IBM hits setback in bid to sell chip making unit

IBM's plans to sell its money-losing chip-manufacturing operations to Globalfoundries hit a snag when the two firms couldn't agree on a price, according to Bloomberg.

Citing sources familiar with the process, Bloomberg said Globalfoundries made an offer that IBM felt was too low. Globalfoundries, the spin-off that used to be AMD's manufacturing arm and largely owned by an investment group for the government of Abu Dhabi, reportedly placed little or no value on IBM's factories because they are too old.

Fabs are a really expensive proposition, they get out of date fast and cost a fortune to keep up to date.
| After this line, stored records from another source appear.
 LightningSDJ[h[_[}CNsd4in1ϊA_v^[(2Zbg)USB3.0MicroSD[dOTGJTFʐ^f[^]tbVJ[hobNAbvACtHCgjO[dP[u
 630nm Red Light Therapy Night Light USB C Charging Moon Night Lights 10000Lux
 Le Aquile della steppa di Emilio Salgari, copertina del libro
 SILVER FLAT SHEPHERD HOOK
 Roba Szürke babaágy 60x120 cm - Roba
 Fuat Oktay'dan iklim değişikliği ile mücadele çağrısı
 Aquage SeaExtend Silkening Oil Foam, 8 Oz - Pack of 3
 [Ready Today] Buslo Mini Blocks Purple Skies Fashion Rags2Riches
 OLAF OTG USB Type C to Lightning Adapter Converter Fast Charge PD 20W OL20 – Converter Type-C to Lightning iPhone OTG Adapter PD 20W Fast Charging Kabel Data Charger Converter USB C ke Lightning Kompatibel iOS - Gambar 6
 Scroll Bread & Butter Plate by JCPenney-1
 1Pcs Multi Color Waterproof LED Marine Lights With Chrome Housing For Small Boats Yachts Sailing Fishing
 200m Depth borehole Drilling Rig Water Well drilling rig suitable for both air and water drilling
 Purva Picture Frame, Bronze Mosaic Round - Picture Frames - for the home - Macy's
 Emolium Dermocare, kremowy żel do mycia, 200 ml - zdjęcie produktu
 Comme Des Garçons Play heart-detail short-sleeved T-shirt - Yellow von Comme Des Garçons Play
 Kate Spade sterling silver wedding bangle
Globalfoundries wasn't really interested in IBM's fabs, which are located in New York state along with GF's own massive facility. It wanted the IBM engineers and intellectual property that came with the fabs. Had the deal gone through, GF would be the supplier of chips to IBM.

It's a setback for IBM CEO Virginia "Ginni" Rometty, who is trying to get rid of less profitable business units and right the financial ship of IBM. The company has experienced two years of declining revenues, all on her watch as CEO. Both sides have something of an incentive to make the deal, more so for IBM, and neither side said talks were dead. They may come back and start over any time.

While Rometty has sought to get rid of the manufacturing side, IBM remains committed to chip design and development. It recently announced a $3 billion initiative over the next five years into semiconductor research and development to create smaller, more powerful chips for its mainframe, System P and Watson systems.

IBM wasn't just intending to make smaller, faster chips, it was also looking at new materials beyond silicon dioxide. After years of breakthroughs, chip designers have reached something of a limit in how small they can make silicon products.

IBM is looking at materials like graphene and carbon nanotubes, among others, to replace silicon in semiconductors and scale those down even below the 14nm and 10nm Intel is talking about now, down to the atomic level.